On the Matter of AI in PR

I recently penned a piece on NotebookLM, an AI platform now in beta at Google Labs. Toward the end, I wrote, “I’m pretty sure I’m just scratching the surface of what this cool new AI tool is capable of doing.” The PR world is ablaze with those claiming to use AI and machine learning technology in their daily workflows. I sense that most are not. (There’s considerable hyperbole in our space.)

Some AI-infused resources I regularly use include Muck RackGrammarlyRytr, and Otter.ai. But for this post, I thought I’d talk about a few of the free GenAI chatbots.

We all know about OpenAI’s ChatGPT 3.5 and Google Gemini (formerly Bard), but my default for surprisingly informed conversations is Pi.ai, “the first emotionally intelligent AI.” My wife and I have held congenial conversations with Pi on a range of subjects, including which mortar to use to mount ceramic tiles, the caloric count of lobster meat, and when to harvest the garlic we planted in the fall. No keystrokes needed. Pi’s easy to talk to and prompts further discussion on the subject at hand.

As for NotebookLM, I just used it again for an upcoming editorial board meeting we arranged for a client CEO with an influential national news organization. To prepare, I inputted onto the platform all the editorials and opinion pieces (<20) the publication ran this year on the industry in which my client resides. I then posed to it the following questions: what is the publication’s position on this issue? What are the ten likely questions a CEO from this industry will be asked? Almost instantly, I had what I needed to greatly enhance the meeting prep document.
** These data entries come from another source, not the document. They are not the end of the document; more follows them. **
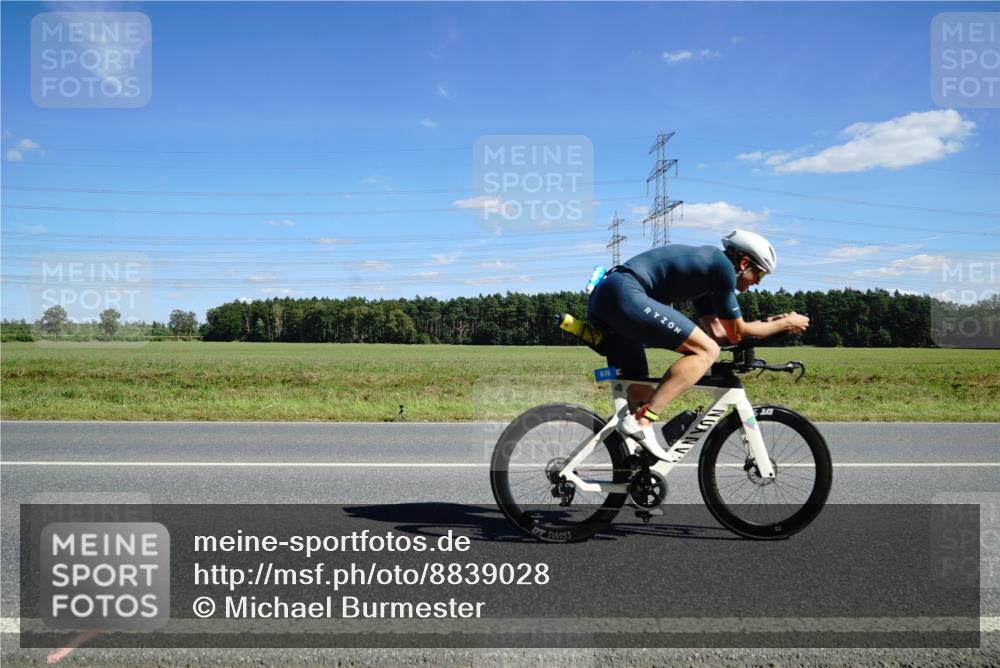 07.09.2025 - 19. Norderstedt Triathlon Michael Burmester http://msf.ph/oto/8839028 07.09.2025 14:20:00 Radfahren 876, 989, 1457, 1468 meine-sportfotos.de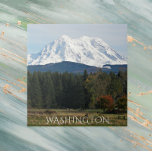 Schilderachtig landschap in Washington Rainier Tegeltje<br><div class="desc">Keramische tegels voorzien van een schilderachtig afbeelding van sneeuw bedekte Mount Rainier en een groene vallei in de Pacific Northwest State of Washington. Selecteer de tegelgrootte. Maakt een geweldige keukentochtje en reissouvenir!</div>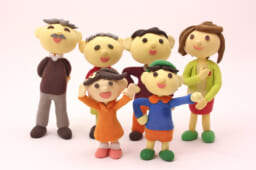 お子さんからお年寄りまで幅広い世代のワイヤー矯正に対応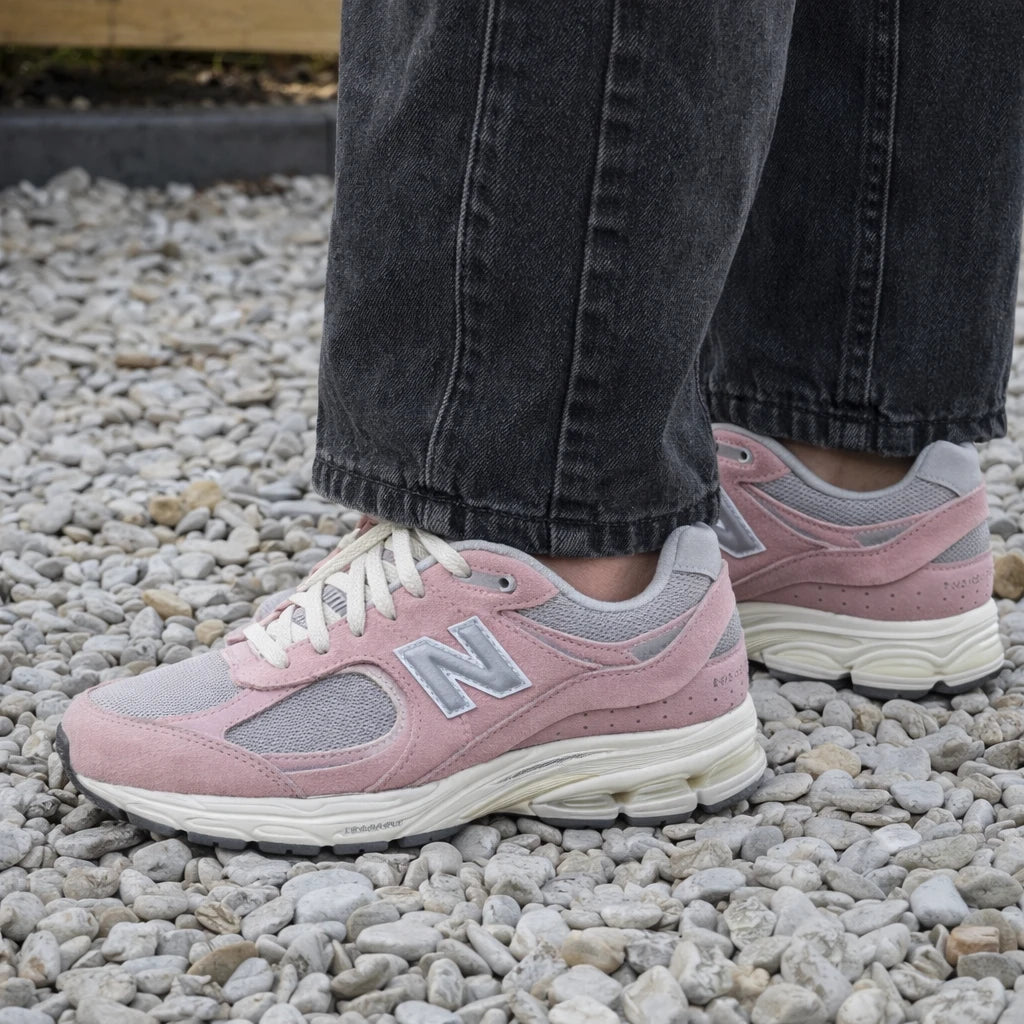New Balance 2002R Orb Pink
I have used both ChatGPT and Google Gemini for business queries including recently to help identify a high-profile individual to serve as a co-chair for a big citywide extravaganza. Both yielded excellent choices — except for when they didn’t. Barbara Walters and Sally Ride were not available.

A client recently asked me to put together some background information on an influential reporter poised to meet her CEO. In addition to the usual fare, e.g., name, title, bio, photo, and past pertinent articles, I found in my Dropbox an audio file of the CEO’s last meeting with the reporter two years ago.
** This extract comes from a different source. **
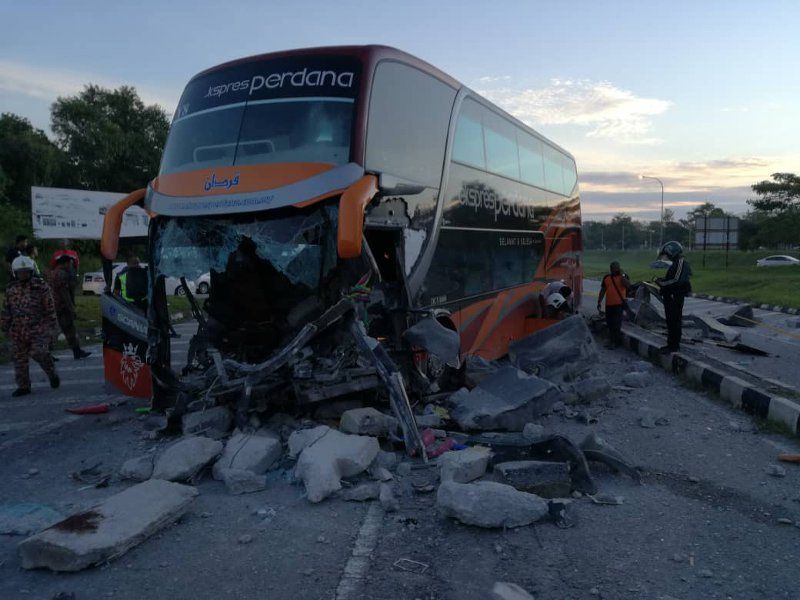 2 maut, 36 cedera bas ekspres langgar pembahagi jalan di Batu Gajah Perdana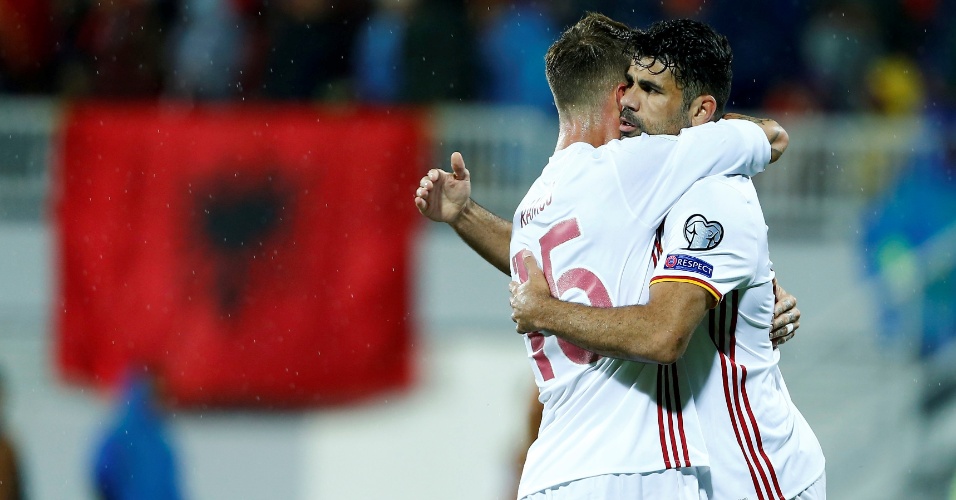 Diego Costa comemora após marcar pela Espanha contra a Albânia pelas Eliminatórias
Dropbox offers audio-to-text transcription, as does my premium service Otter.ai. I ran the audio through both. The results required a manual listen alongside the text to identify who was speaking. Otter.ai fills in the names after the first few speakers are ID’d. Dropbox doesn’t, while its formatting — one contiguous text with multiple spaces between words — is too time-consuming to correct.

Enter the third LLM chatbot, and my new favorite: Claude from Anthropic, which just released its next generation. FWIW: Amazon just invested $2.75 billion in Anthropic, even as it seeks to build its own chatbot — Olympus. Claude 3’s benchmarks apparently outperform those of ChatGPT4 and Google Gemini.
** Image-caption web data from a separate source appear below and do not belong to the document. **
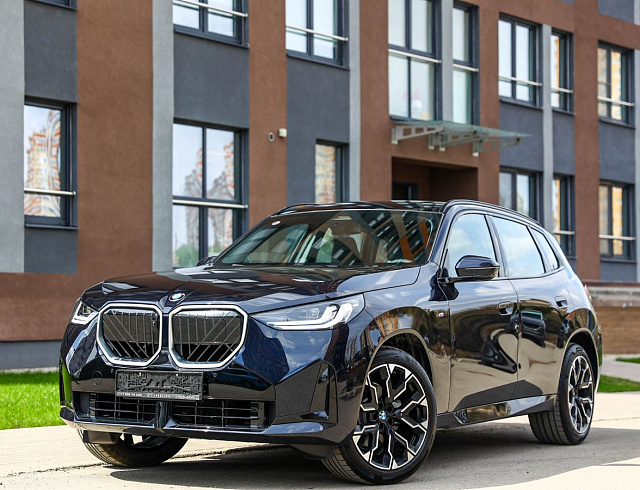 BMW X3 черный 2025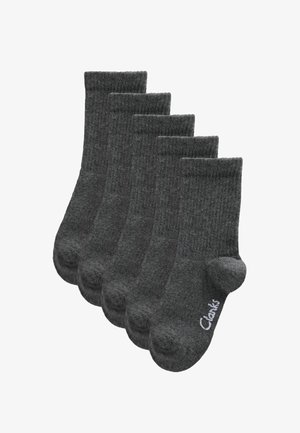 Fünf Paar dunkelgraue gerippte Crew-Socken, überlappend angeordnet, mit "Clarks" Logo auf der Seite eines Sockens nahe den Zehen.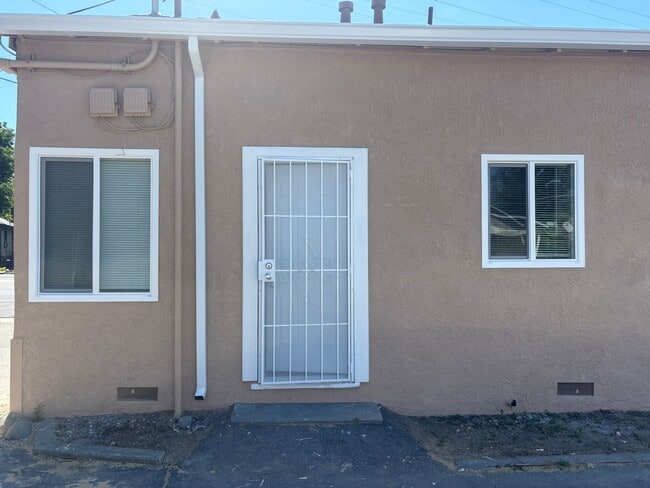 Building Photo - 316 6th St Unit #17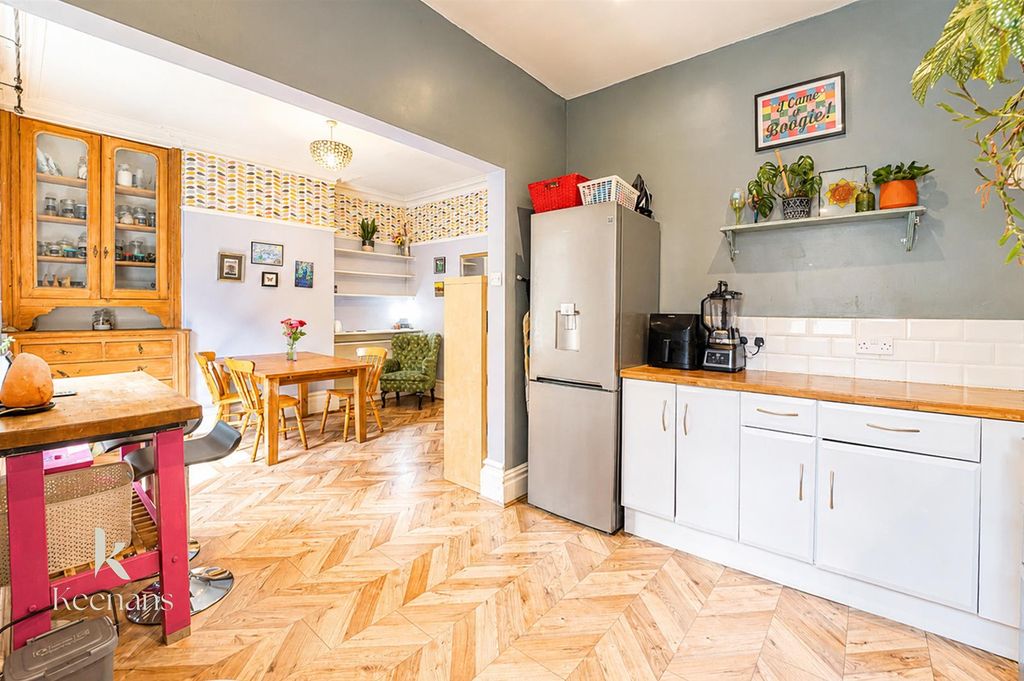 Property photo 3 of 25 24.Jpg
Back to my use case: I took the unwieldy text from the audio of the conversation between my client CEO and the reporter and cut and pasted it into Claude3’s text box. I then asked, “Can you organize and summarize the transcript of this interview?” In less than five seconds, Claude produced a document in sections with headers and bulleted points my client made under each.

I followed up with a second question: “Thank you. Can you now summarize the reporter’s questions?” Again, in under five seconds, Claude produced a list of the ten questions this reporter posed that day two years ago. It was followed by a paragraph summarizing the reporter’s interests: “In general, the reporter was probing for details on…”

Again, the key to AI adoption by our (or any) industry lies in the use cases the technology can create and the smart, time-saving productivity that results. Claude certainly delivered on the promise.